Daily Times, February 9, 2006
Zuljanah, O zuljanah, come to my house!’
By Ali Waqar

LAHORE: Zuljanah, a pet horse symbolically named after Imam Hussain’s (AS) steed, is a major source of inspiration for mourners recalling the martyrdom at Karbala.

“Zuljanah, O zuljanah, come to my house,” children chant, waiting for the sacred horse on the processional route or outside their houses. The tradition of brining a zuljanah to selected houses in Muharram 10 processions is still practiced in many Pakistani towns, but in large cities like Lahore, the zuljanah has gradually been decentralised.

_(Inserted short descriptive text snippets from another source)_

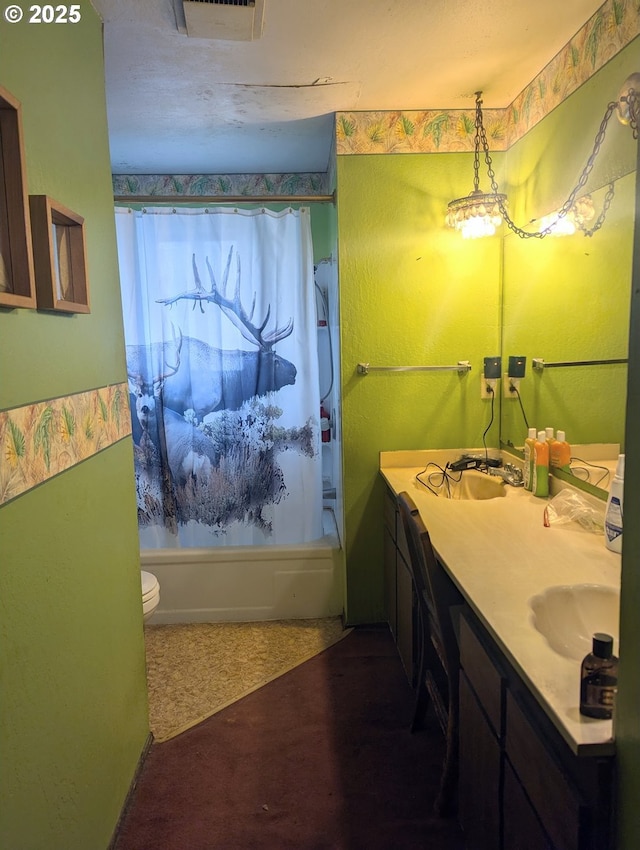 full bathroom with toilet, shower / bath combination with curtain, and vanity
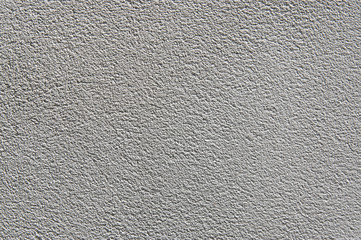  gray plaster on the insulated walls of the facade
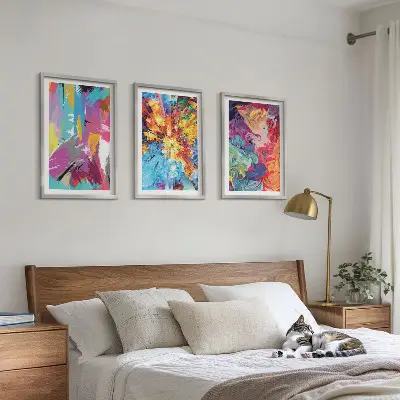 Three-piece abstract wall art set with colorful paint patterns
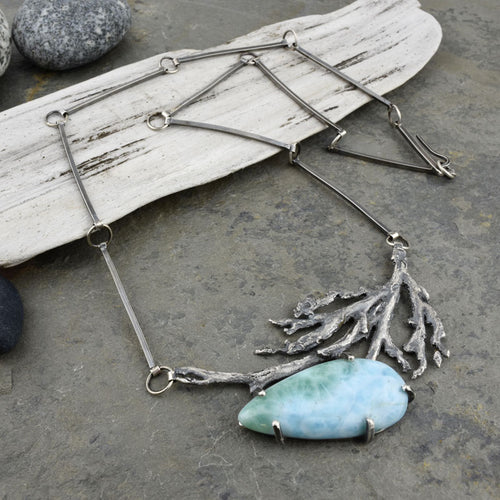 A prong-set larimar stone hangs from a frond of seaweed cast in sterling silver. A geometric bar chain completes this unusual statement piece.  This necklace embodies the drift of ocean current. The interplay of light blue, green, and white in the teardrop-shaped larimar is reminiscent of sea spray and breaking waves. When light hits the cast seaweed, it appears to sway softly.  This necklace pairs beautifully with the larimar and seaweed earrings.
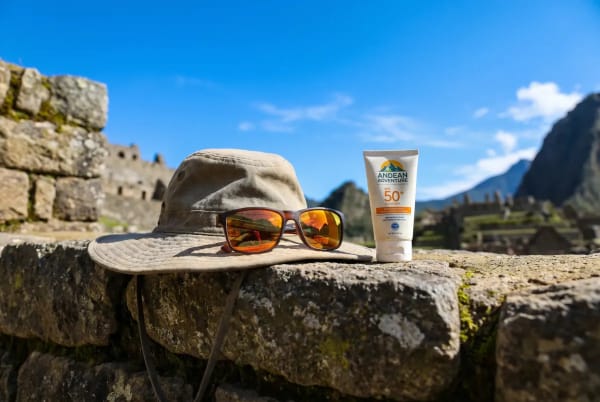 Sonnencreme mit Lichtschutzfaktor 50 und ein breitkrempiger Hut mit Sonnenbrille liegen auf einer alten Steinmauer vor bergiger Kulisse und blauem Himmel.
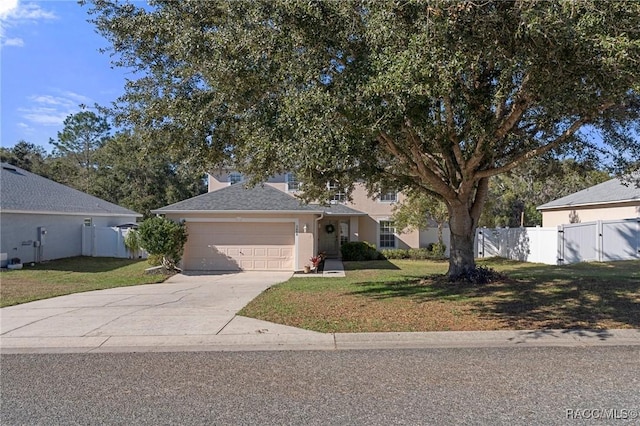 view of front of property with a front lawn and a garage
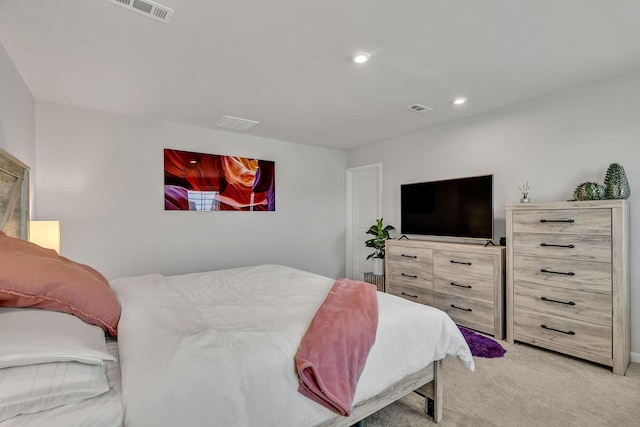 bedroom with light carpet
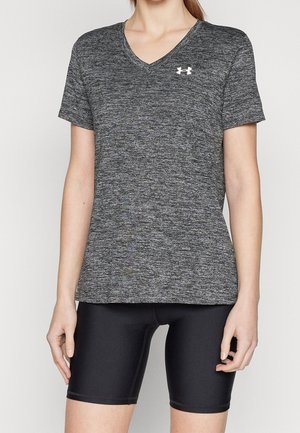 Vrouw draagt een grijs, kortærmlig sportshirt met V-hals en wit logo, en zwarte fietsshort, staand tegen een effen achtergrond.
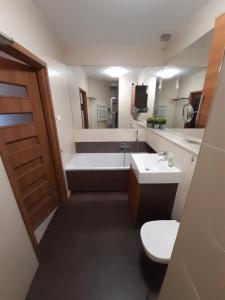 a bathroom with a tub and a toilet and a sink at ParkView Apartment in Gdańsk +16 photos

The procession is usually taken out on Muharram 9 and 10, to commemorate Imam Hussain’s (AS) martyrdom at Karbala 1,368 years ago. The tradition began in the subcontinent about 800 to 1,000 years ago, with Taimurlane’s arrival. It was gradually adopted throughout the subcontinent and became a religious icon, becoming a fundamental part of Muharram 10 processions.

After partition, Lahore’s main zuljanah procession was taken out from Nisar Haveli among a few other places but in the next 10 to 15 years, the Bukharis, Sadaat-e-Niaz Beg and other Shia families also began to follow the tradition.

Because of the city’s increasing population, the number of processions increased. Currently, there are about 100 zuljanah procession in Lahore every year in Muharram.

Zuljanah was a pet horse presented by the Prophet Muhammad (PBUH) to Imam Hussain (AS) when he was young. The horse was named Murtajiz, but when the horse was riddled with arrows on both sides in the battle of Karbala, Imam Hussain (AS) called it zuljanah, a horse with two wings.

Some historians link the name of Pakistan’s founder to Zuljanah. They say that Muhammad Ali Jinnah’s grandfather, a Parsi, did not have a son. His three sons had died in infancy. When he prayed looking at Zuljanah in a Muharram procession (a tradition called mannat) he got a son and named him Poonja Jinnah, the word Jinnah coming from Zuljanah. Historians say this inspired the Parsi family to convert to Islam and Poonja named his son Muhammad Ali Jinnah.